We are working on deploying a product-level redash v10 in AWS ECS. There are many topics on this site that has helped (Example: Redash on AWS ECS).

My assumption

First I wanted to understand the purpose of each service as it is listed in the docker compose file. I created this diagram by looking at the code in redash’s github.

My questions

Is my diagram correct? Any help on this is appreciated
It is still not clear to me the role of the scheduler
- Is it creating the rq-scheduler?
- Is it scheduling scheduled queries, or is the server doing that?
- Does it hit the RDS database
We want to understand so that we can reason about how many ecs tasks, CPU, mem limits, multiple az,…

Any comments are appreciated

jesse · October 19, 2021, 3:58pm

Great question. We should probably publish something like this in the docs

You can tell a lot about the services by looking at the command they run once started. Here I’m running through the docker-compose.yml file in getredash/redash but the same would apply if you are modeling off of setup.sh.

`server`

Handles HTTP requests to the API and the front-end. It spends most of its time waiting for HTTP traffic.

`scheduler`

Enqueues periodic jobs in redis. It checks for scheduled queries that need to be executed now, data source schema refreshes, cleaning up old query results, and any other periodic job specified here. The scheduler runs this routine twice a minute for infinity.

`worker`

Pulls job definitions from redis and does them. This can be query executions, schedule refreshes, clearing out old results anything. If you see adhoc_worker or scheduled_worker, these are actually duplicates of the worker spec. They all run the same command. The difference is that adhoc_worker only looks for jobs in the adhoc queue in Redis. scheduled_worker only looks for tasks in the scheduled queue.
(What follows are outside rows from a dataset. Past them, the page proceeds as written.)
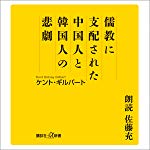 儒教に支配された中国人と韓国人の悲劇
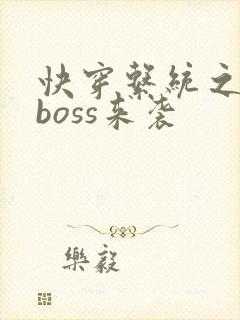 快穿系统之反派boss来袭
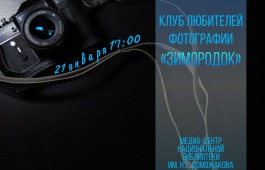 Очередная встреча клуба «Зимородок» Национальной библиотеки посвящена панорамной съемке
This is helpful so that if your scheduled tasks begin to bottleneck, it won’t affect users running queries.

`redis`

Runs the Redis instance that Redash uses for message queuing

`postgres`

Runs the Postgres database where Redash preserves its state.

`email`

An image used for sending emails (if configured).

`nginx`

We use this as a proxy in front of server because it’s an easy way to configure HTTPs.